# glass on gas stove turning black



## tonyg (Nov 11, 2008)

maybe you guys can help me out:  my brother-in-law has a vermont castings gas (propane) fireplace insert.  he's had it for five years without a problem.  this year the glass is turning black on him.  the outfit that installed it isn't being much help.  they claim it's not getting enough air, although the conditions haven't changed any.  then they said it's probably the propane.  sounds to me like they're not much interested in helping him out.  any ideas as to what would be causing this condition?   thanks for your help in advance.......tonyg


----------



## PaulRicklefs (Nov 12, 2008)

tonyg said:
			
		

> maybe you guys can help me out:  my brother-in-law has a vermont castings gas (propane) fireplace insert.  he's had it for five years without a problem.  this year the glass is turning black on him.  the outfit that installed it isn't being much help.  they claim it's not getting enough air, although the conditions haven't changed any.  then they said it's probably the propane.  sounds to me like they're not much interested in helping him out.  any ideas as to what would be causing this condition?   thanks for your help in advance.......tonyg



Typical with propane fireplaces.  It may be time to get in there, remove all the fake embers and rocks and do a good thorough vacuuming and cleaning.  It's true it is likely not getting enough air probably because of dust or dirt on the burner assembly.  Give that a shot, it's the cheapest thing to rule out.  Besides they should be cleaned yearly.


----------



## sinnian (Nov 12, 2008)

Same as above, BUT.................. he may also be getting black siding too if he has a direct vent and it isn't getting enough air.


----------



## jtp10181 (Nov 12, 2008)

Would be best to get a pro in there if you can. Probably just need a thorough cleaning. Could have something blocking the air shutter underneath (leaves, dead bat... whatever). Also could be blockage in the orifice or burner port holes. Something could have shifted inside the firebox causing flame impingement. There are lots of reasons why a gas fireplace could soot and LP is more sensitive to things that NG is.


----------



## LLigetfa (Nov 12, 2008)

The reason there isn't enough air might be because there is too much gas.  Pressure regulators are known to go bad raising the pressure at the jet.  More pressure means more gas flow, affecting the air/fuel ratio.
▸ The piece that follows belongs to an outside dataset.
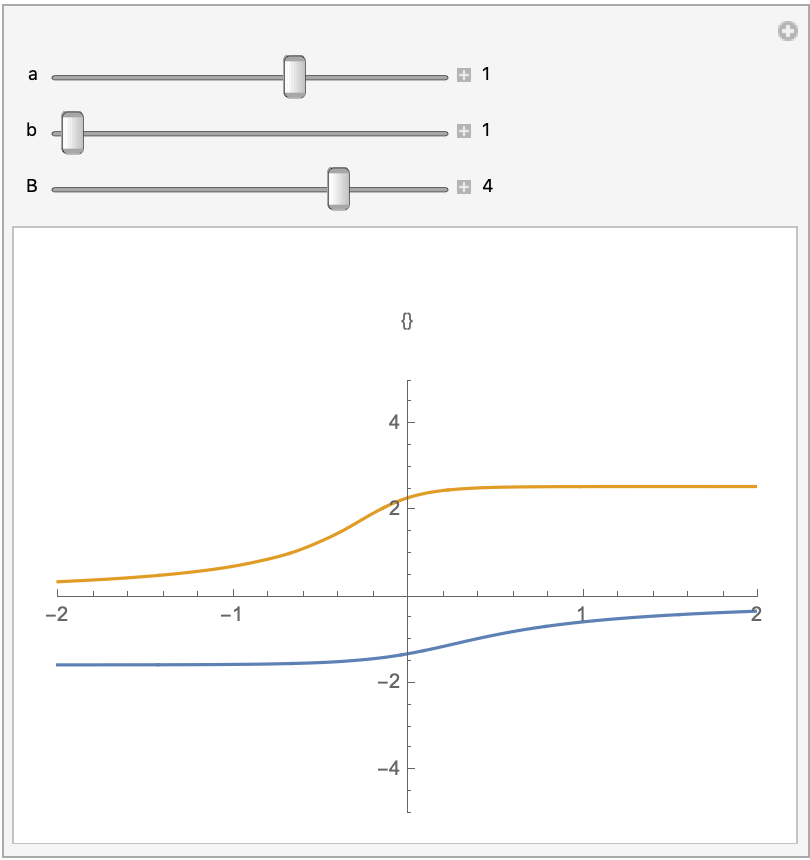 equation Mathematica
Spiders are another source of problem.  They tend to clog up the air intake at the jet.


----------



## Inside Guy (Nov 15, 2008)

tonyg said:
			
		

> maybe you guys can help me out:  my brother-in-law has a vermont castings gas (propane) fireplace insert.  he's had it for five years without a problem.  this year the glass is turning black on him.  the outfit that installed it isn't being much help.  they claim it's not getting enough air, although the conditions haven't changed any.  then they said it's probably the propane.  sounds to me like they're not much interested in helping him out.  any ideas as to what would be causing this condition?   thanks for your help in advance.......tonyg



Also, once you're in the fireplace, verify that the primary air shutter (tube that connects burner to orifice/gas supply) is set correctly to the specifications in the manual.  In my opinion, an incorrect air shutter is the #1 cause of black residue inside the DV gas firebox... close second is incorrectly set logs.


----------



## R&D Guy (Nov 15, 2008)

I agree with Inside Guy, it's usually the air shutter or logs, but if it worked without issue for 5 years and this is a new problem, and you are sure no one has tampered with the unit, e.g.; got inside the unit and adjusted the primary air shutter, nothings in the flue/intake, the logs are in the same position etc. Then I wouldn't rule out the quality of the LP gas and I say this from experience. Sometimes when a tank has been used for a few years and has never gone "dry" it collects what I've understood is the heavier Butane. So when the tank gets low you end up burning butane gas which burns dirty in most LP appliances.

If your tank isn't low and you don't think its the quality of the gas, then as LLigetfa suggested, it could be your tank regulator has gone bad and is allowing too much gas pressure at the valve.

If you vacuum the unit out and it still soots then I'd call a dealer and have them take a look so they can confirm the pressures and BTU.


----------